With the rise of search engines such as Google, it is becoming increasingly important to determine how consumers use these tools to find products, services, or information. Companies that understand their customers’ search behaviour can better tailor the content of their websites and pay for the right advertising on search engines. To help firms make best use of these techniques, HKUST’s Professor Jia Liu and her co-author developed a novel mathematical model to enhance the match between webpages and the terms customers use to search for specific goods and services.

The search queries that customers construct can tell us a lot about their content preferences. In turn, this information can help companies enhance their visibility by predicting search behavior. However, obstacles remain. “Despite the importance of being able to infer consumers’ content preferences from their queries,” say the researchers, “very little research has been done in this area.” Text-based search behavior remains particularly unclear.
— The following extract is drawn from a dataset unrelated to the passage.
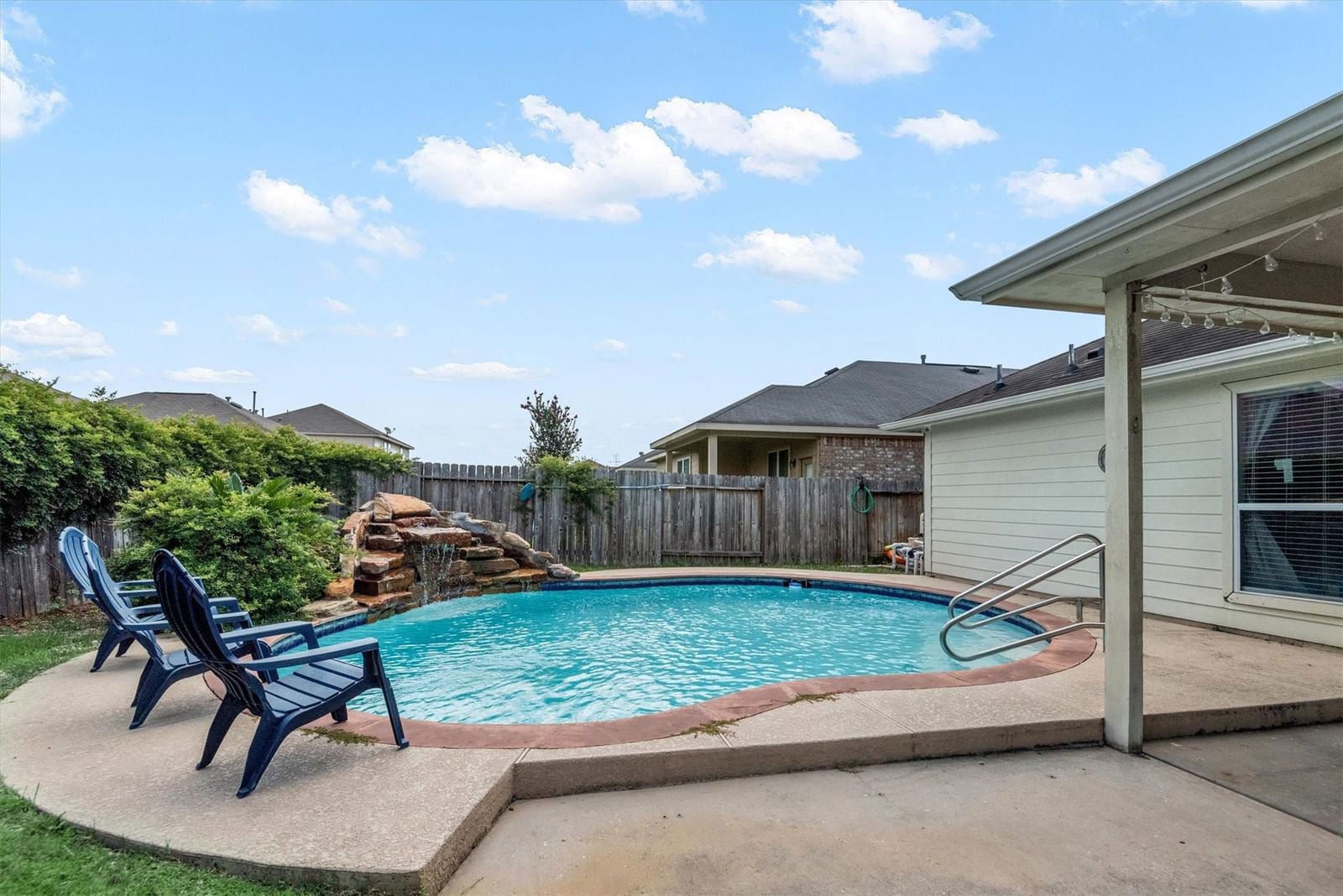 Real estate property located at 8803 Old Maple, Harris, Deerbrook Estates, Humble, TX, US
With this in mind, the researchers sought to address two key challenges. First, search queries tend to be very short—generally fewer than five words. Second, how people choose words to type into a search engine tends to be complex. “Consumers may not necessarily formulate queries that exactly and directly reflect their content preferences,” the researchers explain.

Overcoming these challenges required a new kind of probabilistic topic model. The technique developed by the authors, called hierarchically dual latent Dirichlet allocation (HDLDA), builds on algorithms that can extract topics from text. This model, say the researchers, can combine “information from multiple sparse search queries and their associated search results and explicitly quantify the mapping between queries and results.” This is particularly “useful for firms interested in customizing content (e.g., display or search advertising) based on a consumer’s query.”

To assess the novel HDLDA model, the authors performed two rigorous tests. First, they ran a laboratory experiment to explore how real-life consumers construct search queries. They set the participants specific tasks involving finding information online, and tracked their search behavior. Encouragingly, the researchers found that the model correctly estimated content preferences from queries.

Second, the authors analyzed field data from a large online travel company that advertises extensively on Google. The results illustrated the practical relevance of the new model. The advantages of HDLDA for companies lie in its ability to analyze the links between queries and webpages “on the fly”—in real time and without human intervention. “By empowering marketers/advertisers to infer consumers’ content preferences from queries,” the researchers explain, “our work can help them create more relevant content and promote that content more effectively.”

Perhaps most significantly, the researchers tell us, HDLDA can be “applied to any context in which one type of documents [is] semantically linked to another type of document.” As online search advertising is a US$90 billion industry, the researchers’ pioneering model has the potential to exert a significant financial impact in a wide range of fields.